Our overarching approach is to synthesize and test approaches to effective and equitable community engagement in biodiversity conservation and natural resource management. We aim to elucidate trade-offs and synergies between socio-economic and ecological components of natural ecosystems under the community-based conservation model.

Connecting communities and conservation

Engaging communities is regarded as a critical component in biodiversity conservation and sustainable development. Despite the widely accepted idea that community engagement is essential to conservation success, the evidence for why specific engagement approaches are most effective in achieving long-term outcomes is unclear.

The methods for sufficient and successful engagement are not well understood either. Strengthening this evidence base will enhance our success on achieving durability in conservation initiatives, while reducing the risk of failed programs and negative consequences for people and ecosystems.

We are bringing together a range of multidisciplinary perspectives to pursue an evidence-based approach to conceptualizing and implementing effective and equitable community engagement that leads to measurable biodiversity conservation outcomes.

By synthesizing a global evidence base from published and grey literature, we will characterize the current state of knowledge of what we know about existing community engagement approaches and whether and how they work to achieve ecological and social outcomes.

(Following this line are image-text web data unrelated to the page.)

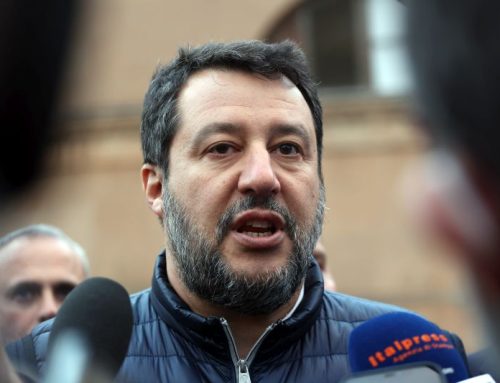 Salvini “Programma chiuso, Meloni premier se avrà un voto in più”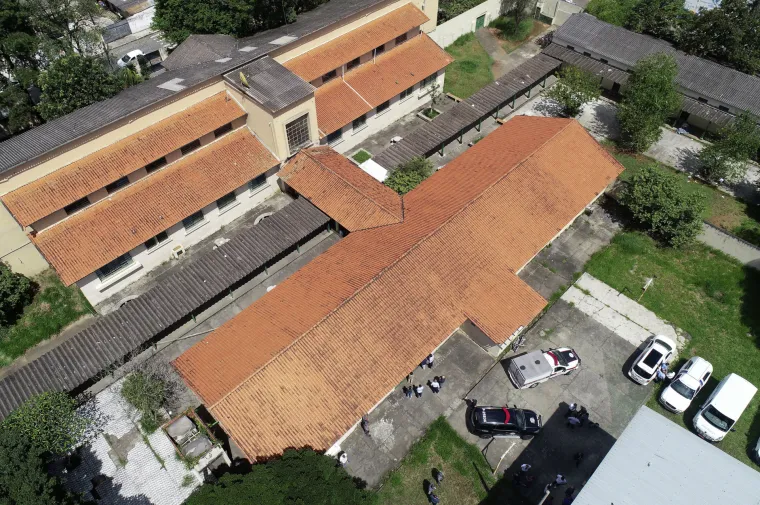 Dvojica biv&scaron;ih učenika počinila pokolj u brazilskoj &scaron;koli, najmanje devet mrtvih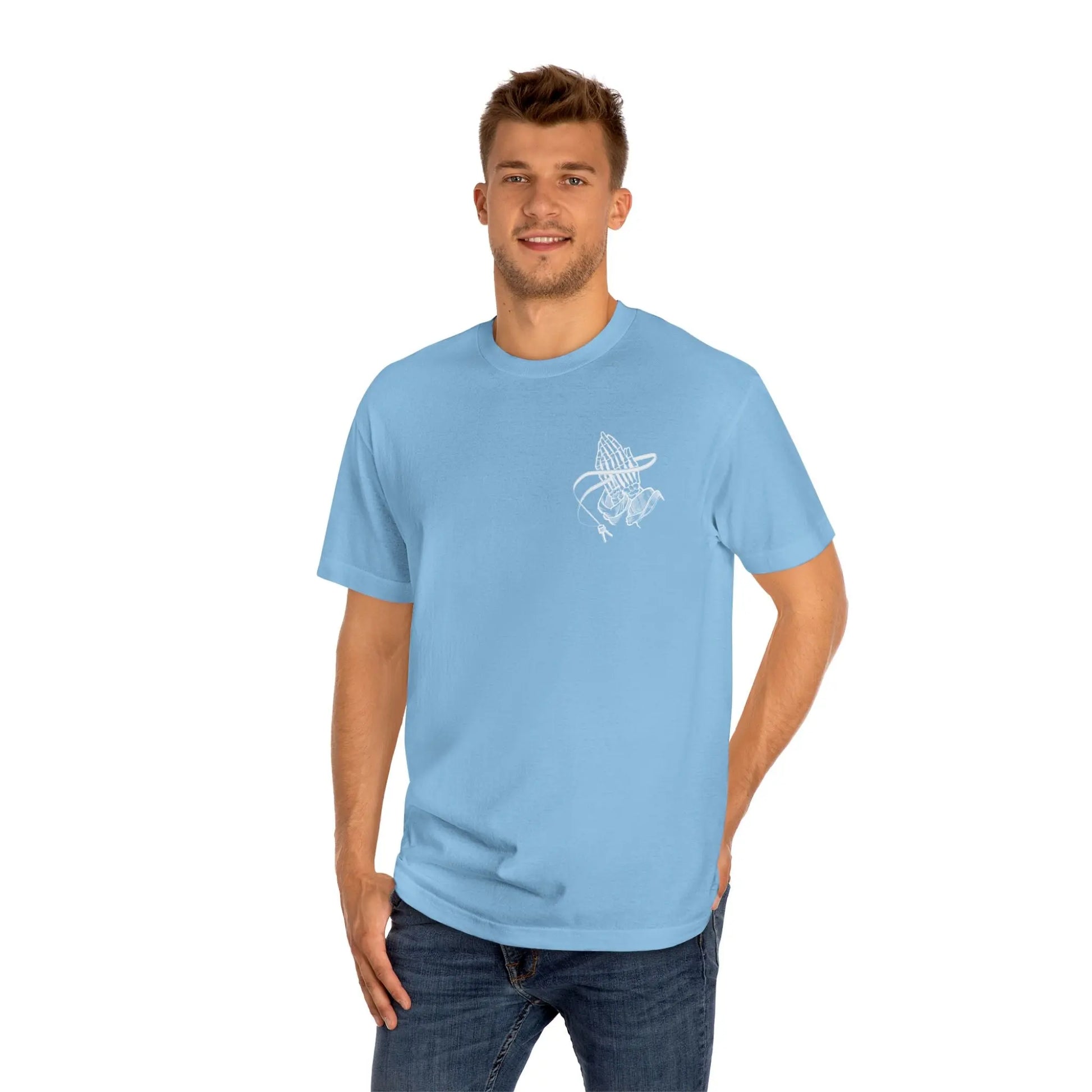 TRUE LEGENDS Never Die Tee Printify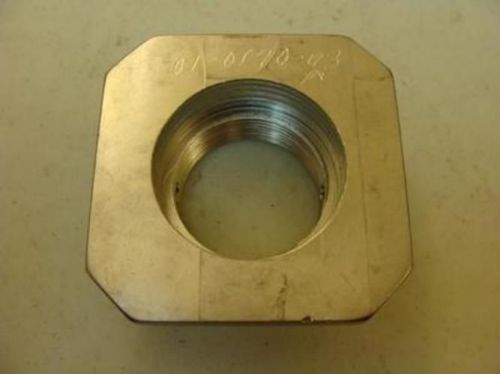 9715 New-No Box, Tipper Tie 01-0170-03A Bushing, stainless steel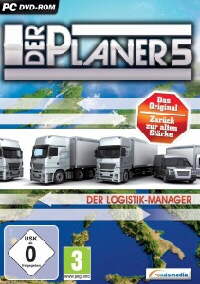 Planer 5 Cover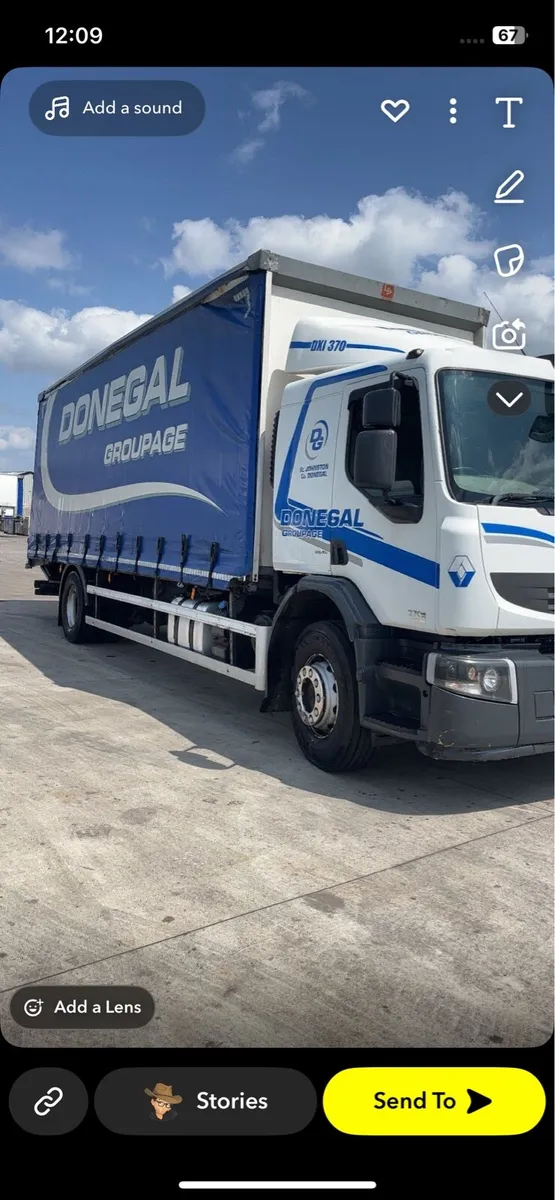 Renault premium DXI270 - Image 2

We will use this evidence base to derive standardized and comprehensive frameworks of understanding of how engagement approaches are designed and used, build robust evidence-driven theories of change on how these approaches are thought to achieve outcomes in different contexts and test these theories with case studies with partner institutions and projects.

Our evidence-driven, collaborative approach represents a transformational approach to designing and implementing community engagement in global conservation outcomes.